Lantas, Apakah Semua Anggota DPR Terlibat Sandiwara?
Tentu tidak adil jika menyamaratakan semua anggota DPR. Masih ada segelintir anggota yang idealis, vokal, dan konsisten menyuarakan suara rakyat. Mereka sering kali disebut sebagai “penyedia drama” yang sesungguhnya dalam sandiwara ini—mereka yang berusaha melawan arus utama. Namun, sayangnya, suara mereka kerap tenggelam oleh jumlah suara mayoritas yang telah diarahkan oleh kepentingan yang lebih besar.
Melampaui Sandiwara: Apa yang Bisa Rakyat Lakukan?
Mengutuk dan bersikap sinis saja tidak cukup. Sebagai pemilik kedaulatan, rakyat memiliki kekuatan untuk mengubah narasi ini:
- Memilih Secara Cerdas: Pada saat pemilu, pelajari track record calon legislatif. Jangan tergiur oleh uang atau janji-janji palsu. Pilih calon yang memiliki integritas dan komitmen jelas terhadap konstituennya.
- Meningkatkan Pengawasan Publik: Manfaatkan hak untuk menyampaikan aspirasi dan mengkritik kinerja DPR melalui media sosial, petisi online, atau langsung mendatangi kantor DPRD/DPR. Lembaga seperti Formappi (Forum Masyarakat Peduli Parlemen) rutin mengawasi dan melaporkan kinerja DPR.
- Mendorong Transparansi: Desak DPR untuk lebih transparan dalam proses pengambilan keputusan, termasuk mempublikasikan daftar hadir, dan rekaman rapat yang tidak bersifat rahasia.
- Memperkuat Lembaga Kontra-Oligarki: Dukung peran serta LSM, pers independen, dan akademisi yang kritis dalam mengawasi kinerja DPR dan pemerintah.
Kesimpulan: Antara Realita dan Harapan
Anggapan bahwa rapat-rapat DPR hanya sandiwara para penguasa memang memiliki dasar yang kuat dalam realita politik Indonesia. Praktek oligarki, transaksi politik, dan lemahnya fungsi pengawasan adalah bukti yang sulit dibantah.
Namun, menyerah pada narasi pesimis ini sama saja dengan membiarkan “sandiwara” tersebut terus dipentaskan.
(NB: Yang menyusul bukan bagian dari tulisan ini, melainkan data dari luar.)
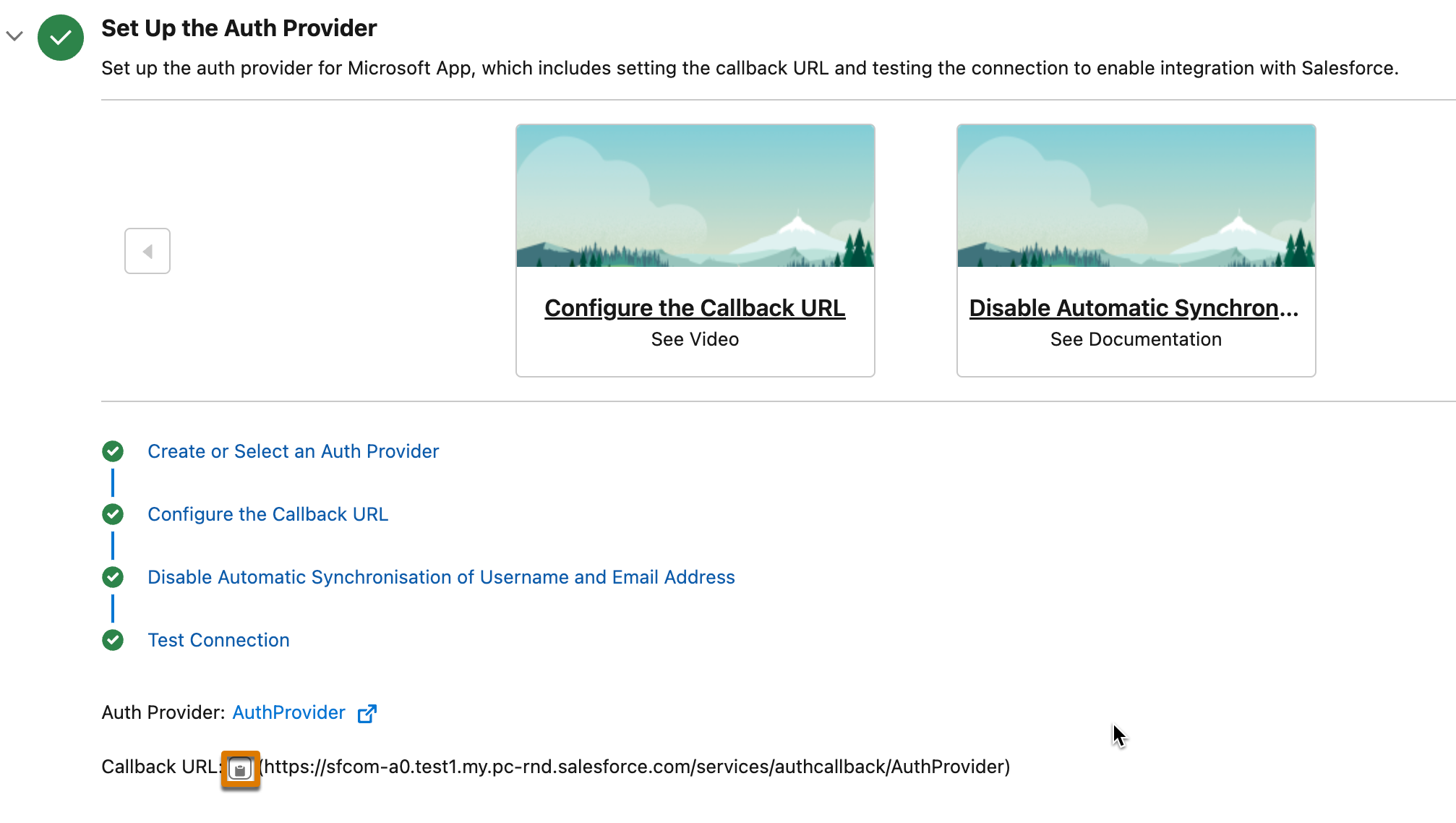 Copying callback URL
DPR tetaplah lembaga konstitusional yang sangat penting. Masalahnya bukan pada institusinya, tetapi pada aktor-aktor yang mengisi dan sistem yang melingkupinya.
Perubahan harus terus didorong dari luar oleh masyarakat sipil yang melek politik dan dari dalam oleh anggota-anggota DPR yang masih memiliki integritas. Tujuan akhirnya adalah mengembalikan DPR pada khittahnya: menjadi juru bicara rakyat yang sejati, bukan panggung sandiwara bagi para penguasa.